Review: Enchanted Ivy

Review: Enchanted IvyEnchanted Ivy by Sarah Beth Durst
Published by Margaret K. McElderry on October 12, 2010
Genres: Fantasy, Romance, Urban Fantasy
Pages: 310
Format: Hardcover
Source: Library

What Lily Carter wants most in the world is to attend Princeton University just like her grandfather. When she finally visits the campus, Grandpa surprises her: She has been selected to take the top-secret Legacy Test. Passing means automatic acceptance to Princeton. Sweet!

Lily's test is to find the Ivy Key. But what is she looking for? Where does she start? As she searches, Lily is joined by Tye, a cute college boy with orange and black hair who says he's her guard. That's weird. But things get seriously strange when a gargoyle talks to her. He tells her that there are two Princetons—the ordinary one and a magical one—and the Key opens the gate between them. But there are more secrets that surround Lily. Worse secrets.

When Lily enters the magical Princeton, she uncovers old betrayals and new dangers, and a chance at her dream becomes a fight for her life. Soon Lily is caught in a power struggle between two worlds, with her family at its center. In a place where Knights slay monsters, boys are were-tigers, and dragons might be out for blood, Lily will need all of her ingenuity and courage—and a little magic—to unite the worlds and unlock the secrets of her past and her future.

I read Into the Wild, another of Sarah Beth Durst’s books (not to be confused with Jon Krakauer’s ode to being really stupid–aka cool–when hiking), in 2008. I wasn’t super impressed (I didn’t even read the sequel), but I still wanted to read this one and her other book, Ice. I love fantasy and fairy tales, which is her niche.

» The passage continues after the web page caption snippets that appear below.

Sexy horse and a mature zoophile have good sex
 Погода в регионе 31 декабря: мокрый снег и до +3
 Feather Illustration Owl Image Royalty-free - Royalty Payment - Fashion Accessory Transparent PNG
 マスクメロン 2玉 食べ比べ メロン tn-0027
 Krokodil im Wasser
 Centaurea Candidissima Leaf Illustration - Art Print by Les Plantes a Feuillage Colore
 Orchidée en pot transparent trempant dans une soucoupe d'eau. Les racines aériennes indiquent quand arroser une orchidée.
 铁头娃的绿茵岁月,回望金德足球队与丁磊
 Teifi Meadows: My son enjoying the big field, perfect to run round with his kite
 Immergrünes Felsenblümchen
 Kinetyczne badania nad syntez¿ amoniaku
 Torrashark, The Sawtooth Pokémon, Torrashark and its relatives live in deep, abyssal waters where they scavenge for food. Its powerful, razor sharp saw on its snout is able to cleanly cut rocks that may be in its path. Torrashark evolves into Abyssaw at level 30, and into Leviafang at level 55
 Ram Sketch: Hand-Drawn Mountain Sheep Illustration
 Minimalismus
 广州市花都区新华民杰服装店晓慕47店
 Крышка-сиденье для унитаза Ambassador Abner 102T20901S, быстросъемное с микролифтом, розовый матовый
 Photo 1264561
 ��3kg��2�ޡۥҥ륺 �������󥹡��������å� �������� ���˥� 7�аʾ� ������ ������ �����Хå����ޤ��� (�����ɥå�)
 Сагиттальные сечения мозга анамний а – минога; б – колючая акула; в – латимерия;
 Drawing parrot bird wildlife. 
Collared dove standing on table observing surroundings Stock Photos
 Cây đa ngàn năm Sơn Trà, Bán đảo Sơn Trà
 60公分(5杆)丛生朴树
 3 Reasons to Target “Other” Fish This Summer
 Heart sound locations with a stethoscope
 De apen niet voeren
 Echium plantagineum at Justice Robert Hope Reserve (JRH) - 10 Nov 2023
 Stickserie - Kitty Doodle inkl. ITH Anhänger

Unfortunately, she still has yet to really engage me. This one was definitely preferable to Into the Wild, mostly because the protagonist is a bit older and easier for me to relate to. Also, the title is a pun, which you have to love. Enchanted Ivy, both because Princeton is an ivy league school with magic things running around and because there are some vines that are enchanted. Awesome.

There were three things that really kept me from connecting with Lily and the book:

1) Lily is too damn trusting. She never really suspects anyone until they openly admit that they are terrible people. She has a tendency to expect others to save her, which gets really frustrating. That’s part of the growing she does in the progress of the novel, but it happens in such a way that I do not feel thrilled for her. Instead, I feel even more judgmental.

2) She manages to be a big flirt while claiming to be complete out of the league of the only two young males in the book. Cry moar. I mean, really.

3) Every time one of the characters touches her, she feels tingles. And it does get mentioned every single time. Except for that time where she sat behind him on a ride with her arms around him for a matter of minutes, so good consistency there. She attributes this tingly feeling not with her romantic feelings (certainly an improvement), but with the magic she senses within him. Well, that’s great. Except that she has never noticed magic anywhere else through this same tingle, even in the other magical creatures she meets. What does this mean? Is Lily stupid or is all the powerful tingle of love?

Final verdict: just okay. A bit too cheesy and obvious to be particularly good, but interesting enough in spite of that to be readable.

One response to “Review: Enchanted Ivy”

  1. I get the impression that this book irritated you a bit! I hate it when the main character is so clueless that you end up shouting at the book!